G Yaari and SH Kleinstein,
Genome medicine, Nov 2015 20
High-throughput sequencing of B-cell immunoglobulin repertoires is increasingly being applied to gain insights into the adaptive immune response in healthy individuals and in those with a wide range of diseases. Recent applications include the study of autoimmunity, infection, allergy, cancer and aging. As sequencing technologies continue to improve, these repertoire sequencing experiments are producing ever larger datasets, with tens- to hundreds-of-millions of sequences. These data require specialized bioinformatics pipelines to be analyzed effectively. Numerous methods and tools have been developed to handle different steps of the analysis, and integrated software suites have recently been made available. However, the field has yet to converge on a standard pipeline for data processing and analysis. Common file formats for data sharing are also lacking.

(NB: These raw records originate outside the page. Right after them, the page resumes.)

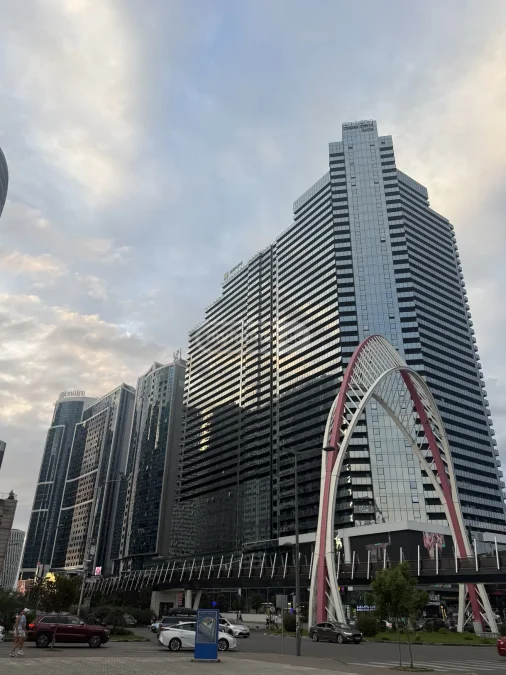 На год новую красивую студию в премиум комплексе Blue Sky Tower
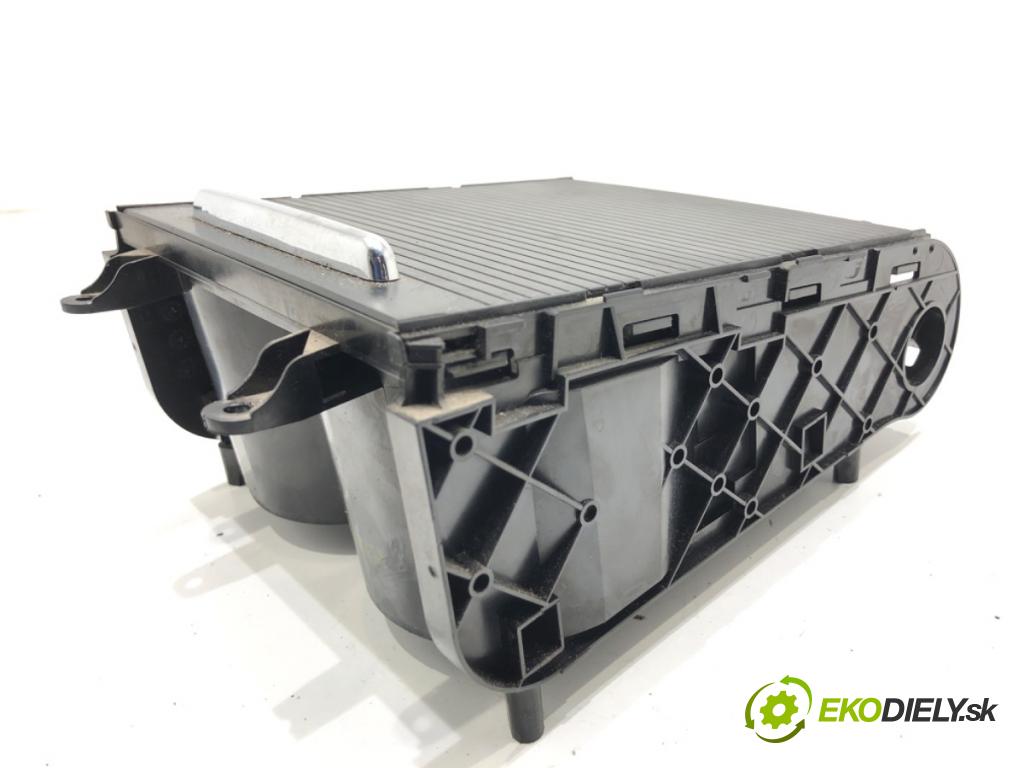 VW PASSAT B6 Kombi 2007 103 kW 2.0 TDI 1968 držák na nápoje 3C0858329A (Držák nápojů)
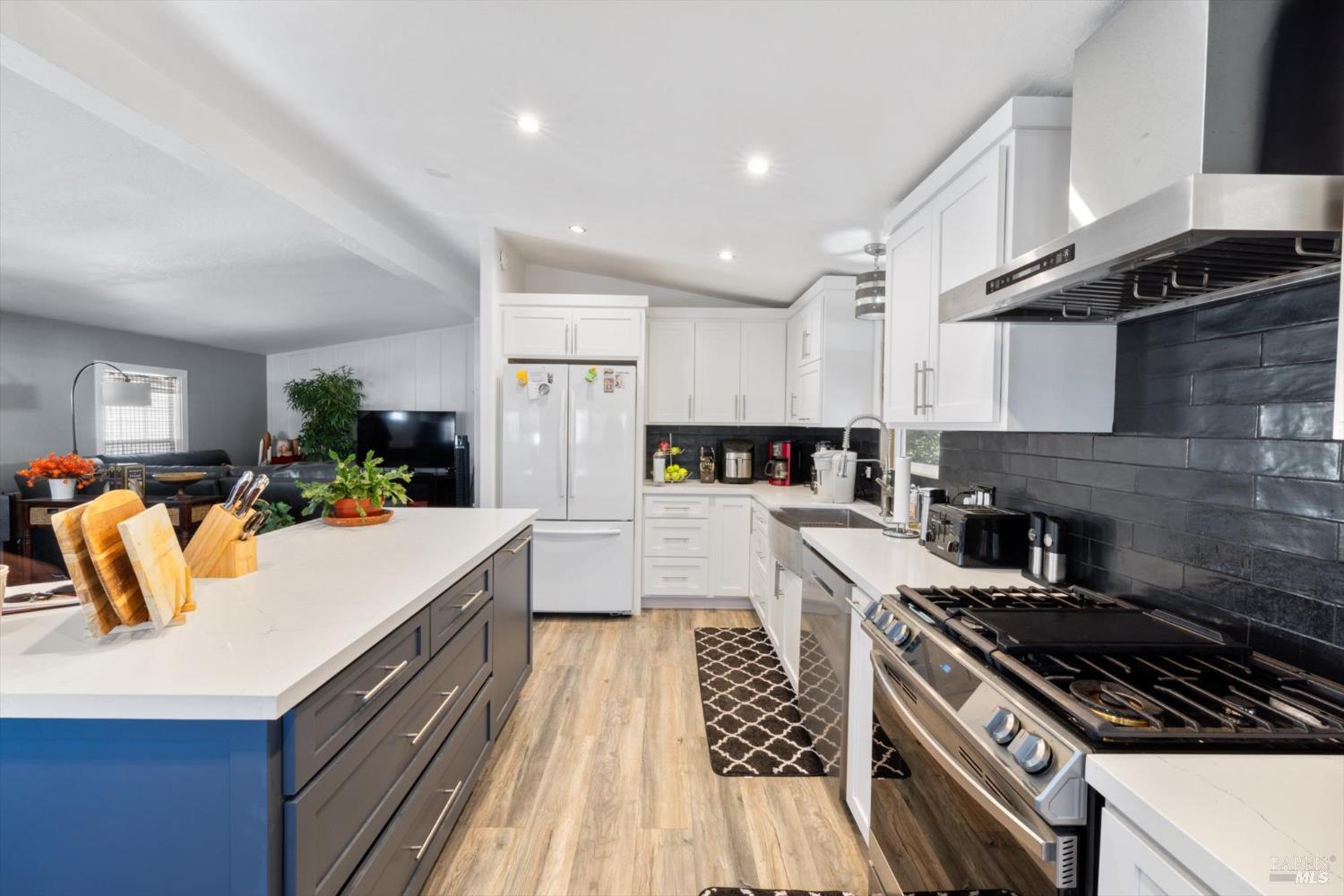 Detail Gallery Image 8 of 20 For 137 Lemon Tree Cir, Vacaville,  CA 95687 - 2 Beds | 2 Baths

Here we provide a set of practical guidelines for B-cell receptor repertoire sequencing analysis, starting from raw sequencing reads and proceeding through pre-processing, determination of population structure, and analysis of repertoire properties. These include methods for unique molecular identifiers and sequencing error correction, V(D)J assignment and detection of novel alleles, clonal assignment, lineage tree construction, somatic hypermutation modeling, selection analysis, and analysis of stereotyped or convergent responses. The guidelines presented here highlight the major steps involved in the analysis of B-cell repertoire sequencing data, along with recommendations on how to avoid common pitfalls.